◆ YOUR ASSIGNMENT
Return each record verbatim, images excluded.

Web page caption snippets:
-.-.-

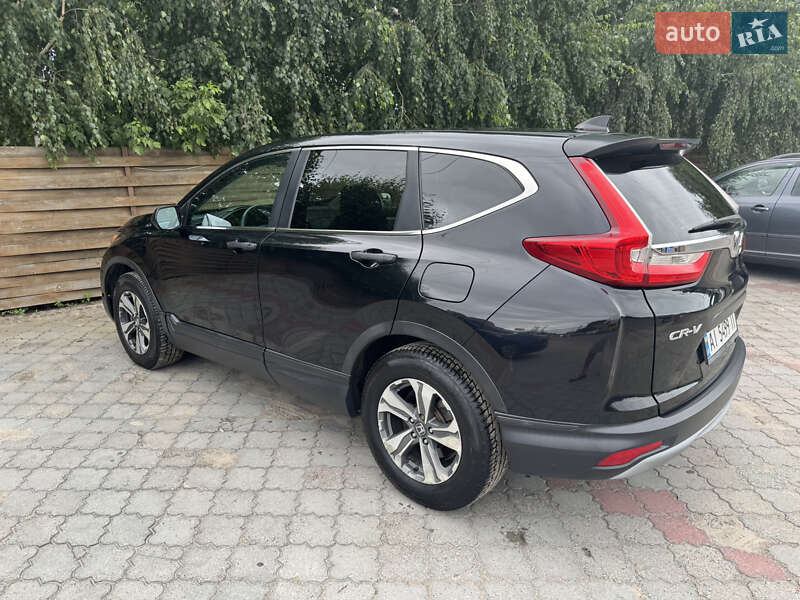 Внедорожник / Кроссовер Honda CR-V 2017 в Киеве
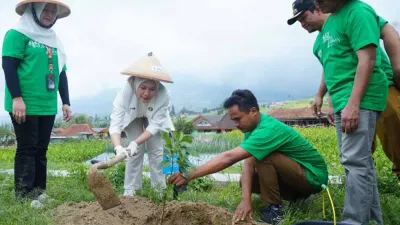Menjaga Nafas Bumi: PNM Mengajak Menjaga Bersama Kelestarian Hutan dan Kehidupan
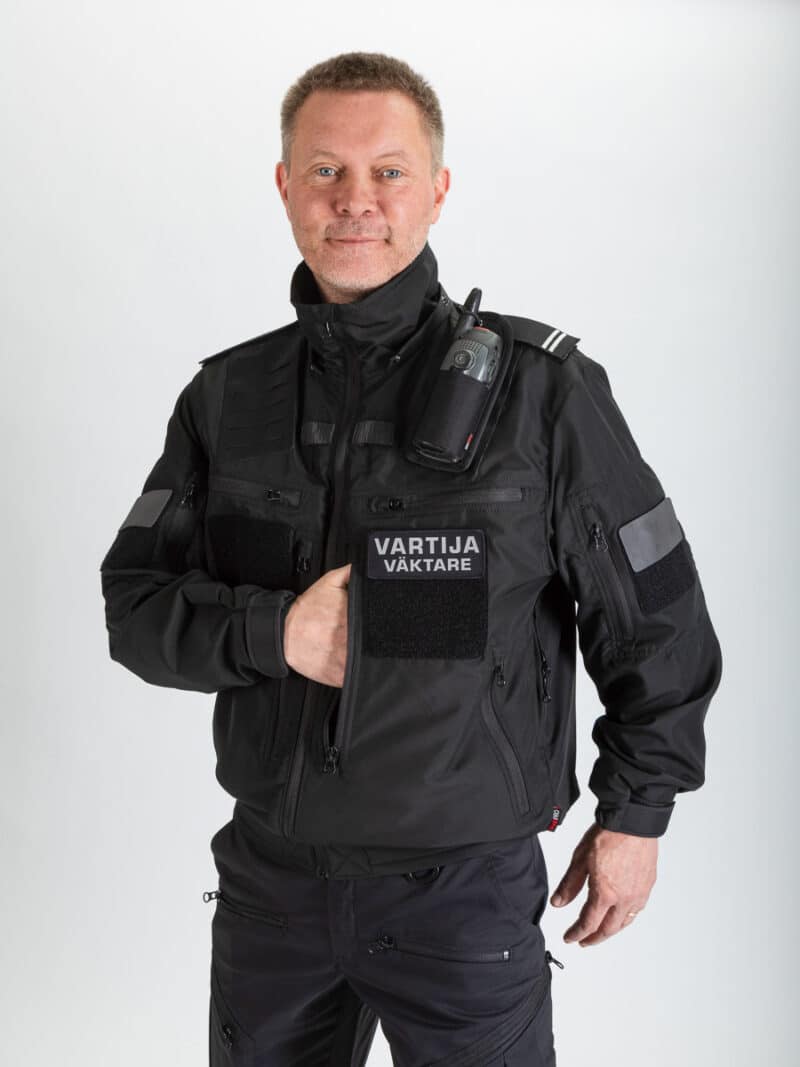 Taktinen dyneema takki rintatasku vartija rintamerkki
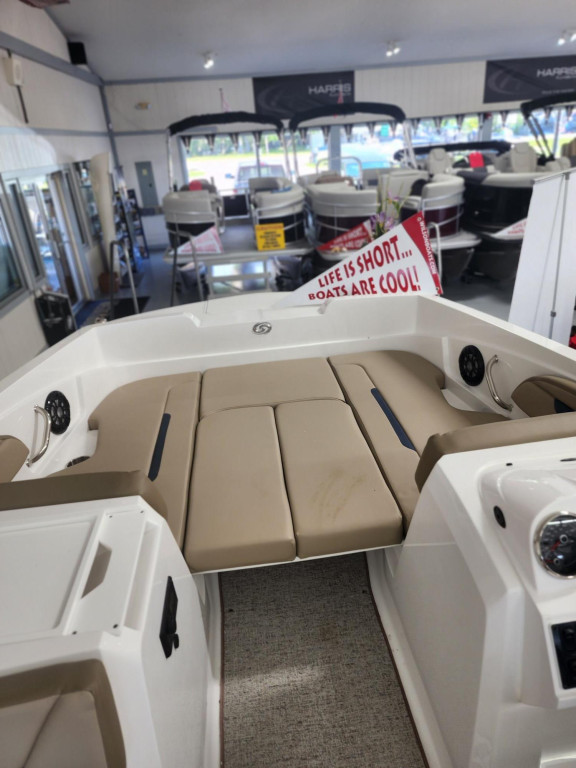 Hurricane SunDeck Sport 205 IO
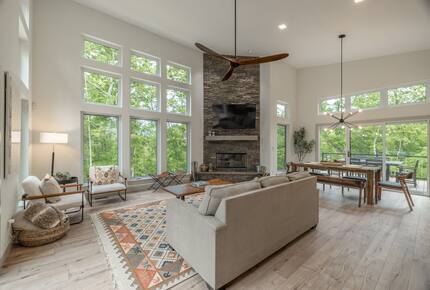 The Curated Treehouse | Private Hot Tub with Trail & Resort Access - Innsbrook, Missouri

-.-.-

◆ OUTPUT OF THE TASK
 Внедорожник / Кроссовер Honda CR-V 2017 в Киеве
Menjaga Nafas Bumi: PNM Mengajak Menjaga Bersama Kelestarian Hutan dan Kehidupan
 Taktinen dyneema takki rintatasku vartija rintamerkki
 Hurricane SunDeck Sport 205 IO
 The Curated Treehouse | Private Hot Tub with Trail & Resort Access - Innsbrook, Missouri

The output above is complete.